START Source material

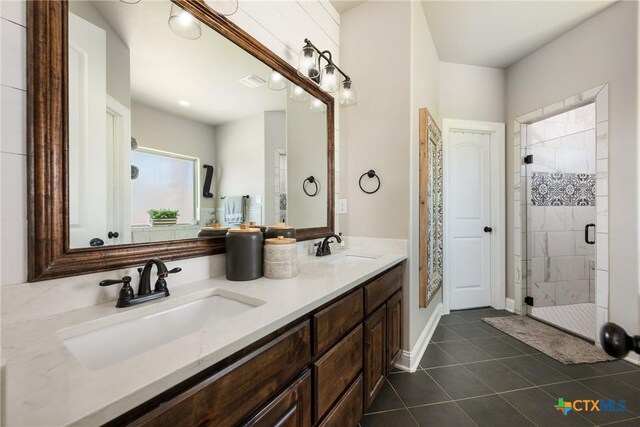 2015 Th Jones Mill Way, Salado, TX 76571 - bathroom featuring a stall shower, tile patterned floors, and double vanity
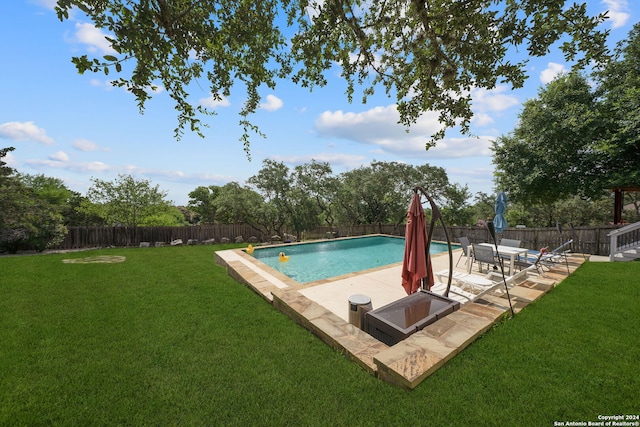 view of pool with a yard and a patio area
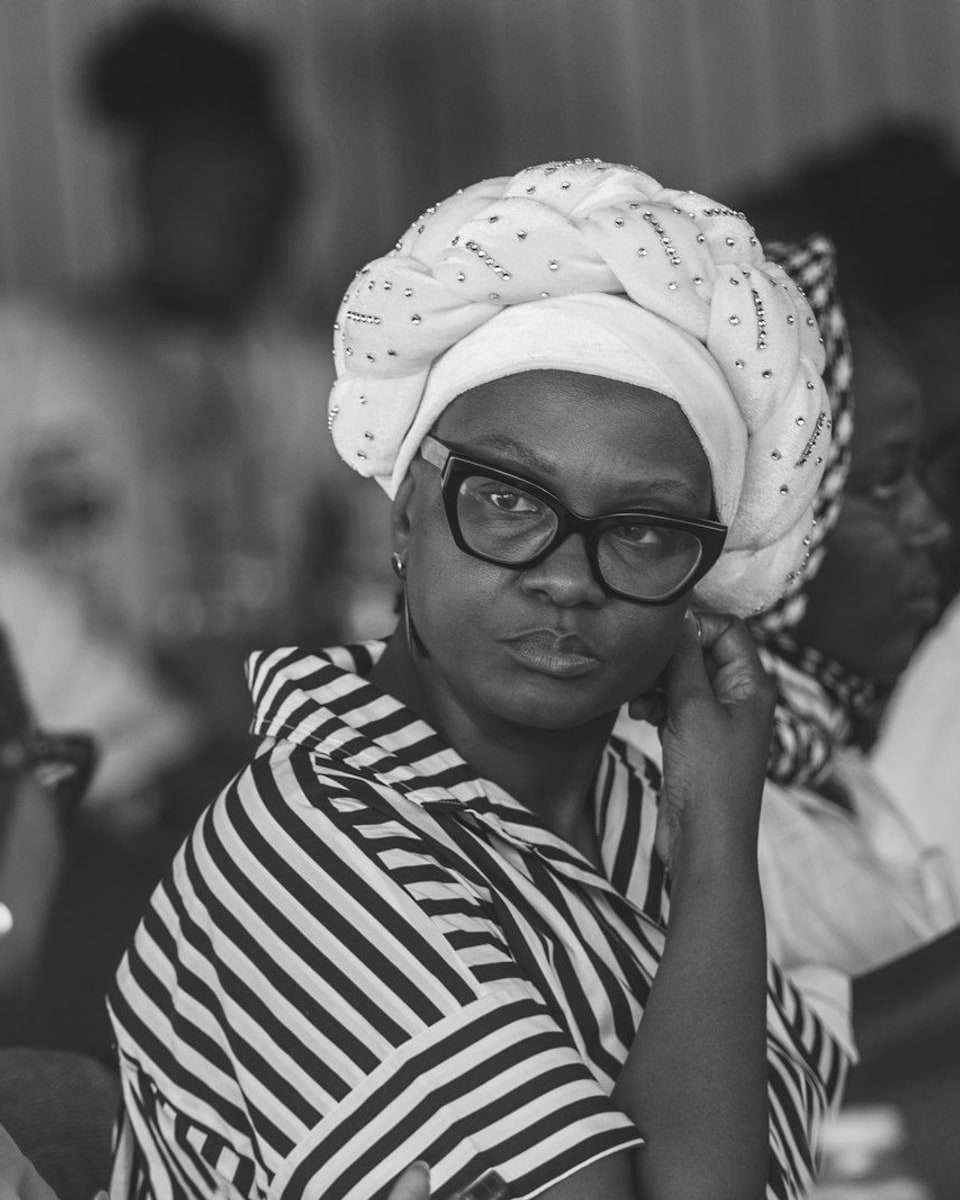 A woman in glasses and a white head wrap, resting her hand at her ear and listening with a questioning look.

END Source material

Work required — All that belongs in the answer is the exact run of lines from the line containing "view of pool with a yard and a patio area" to the end of the listing above, pictures removed.

Output of the exercise —
 view of pool with a yard and a patio area
 A woman in glasses and a white head wrap, resting her hand at her ear and listening with a questioning look.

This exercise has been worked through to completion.